The very nature of project cargo represents unique risks that must be confronted at the outset, during the planning stages. “Project cargo usually consists of large, heavy items, often having high centers of gravity,” said John Potter, head of marine and aviation at Antares Underwriting. “They are prone to toppling in transit and during handling.”

Project cargo also includes smaller pieces of equipment, such as computers, which may be critical to the operation. “Weather episodes can knock out a small-sized piece of equipment,” noted Potter. “The lesson is that the criticality of any one item for a project is a significant factor that the underwriter must bear in mind when assessing the risk.”

Some risks, such as theft, are lower for project cargo than for ordinary cargo but they are higher during lifting, handling, and general movement, noted Potter. Project Cargo is inherently unstable in transit and the greater claims costs, include “the extra charges involved in establishing whether the cargo has hidden damage, following any impact during transit or in handling.”

There is a significant threat to project cargo from heavy seas, especially when components are carried on deck. Another risk to project loads occurs during road transit, in the adverse camber of the roadway. The sloping of a road from its center to its sides could cause a large load to topple over, noted Potter, “resulting in substantial and expensive repairs, assuming it is not damaged beyond repair.” “If the item in question is critical to the project,” Potter added, “its loss may cause a delay in its completion.”

Collaboration

AGCS’s announcement of an expanded project cargo offering was formed by a partnership between its marine and engineering divisions. This collaboration allows AGCS to provide end-to-end coverage for companies managing unique and complicated risks, ultimately delivering a more comprehensive and fluid transaction under a single policy.

Underwritten by AGCS Marine, the policy is designed to manage risks of exposures such as shipment of equipment and machinery to construction sites; loss or damage of components in transit; DSU loss of income stemming from late or non-arrival of components; and construction all-risk insurance provided by engineering.

“Having a single policy cover both marine and engineering risks provides tremendous benefits such as enhanced risk management and expedited policy issuance and claims resolution,” said Kevin Wolfe, global head for project cargo at AGCS. “We now provide a single point of contact for clients and brokers, which makes it easier to identify whether a loss occurred in transit or during a construction phase. All underwriters and loss adjusters are with one company.”

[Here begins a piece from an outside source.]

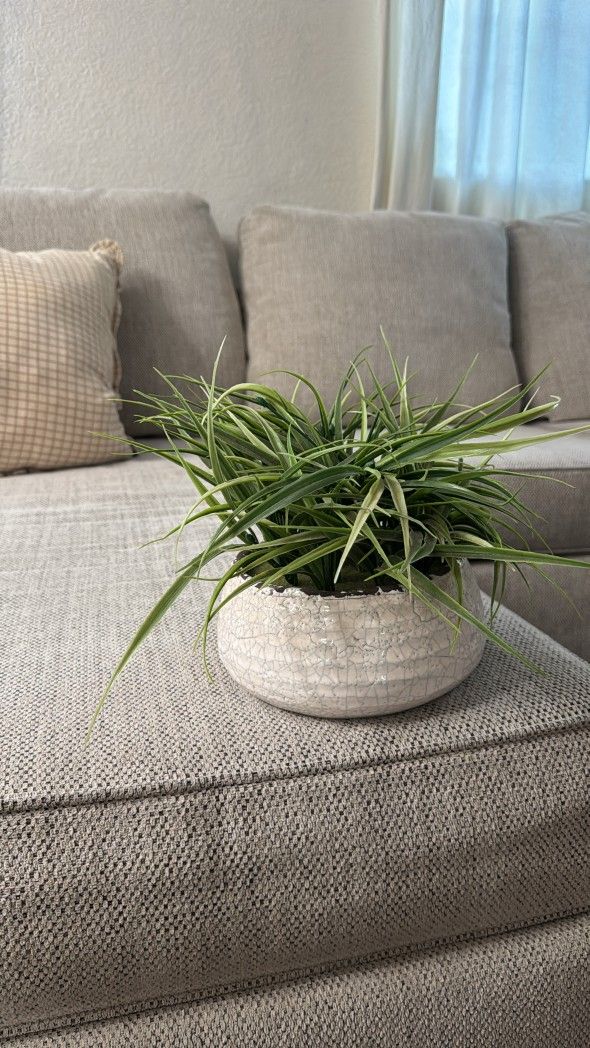 Decorative Potted Plant – Modern Ceramic Vase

Combining different risks, such as material loss and consequential loss, into a single policy is advantageous to both underwriters and insureds, noted Schoch. “Preferably they will be written as two sections of the same policy with the loss of profit claim triggered by a loss under the material damage cargo section,” she said. “That way, any condition or warranty imposed by underwriters on the cargo policy will similarly affect the advance loss of profit coverage.”

The alternative, writing two separate policies, one for material damage and the other for economic loss, would cause complications for all concerned. “The insured would have to submit claims separately to two sets of insurers who may not adopt identical positions,” Schoch explained. “With the same underwriters, the claim will be dealt with by one claims department in conjunction with the underwriter who assessed and wrote the risk. An overall view would be adopted minimizing the loss to both insurers.”

Presumably, the efficiencies occasioned by combining risks into a single policy should allow insurers to give their customers a break on the premiums. Still, project insurance will remain more expensive than other cargo policies.

“Project cargo produces very expensive losses,” said Potter, “so maximum premium income must be generated.”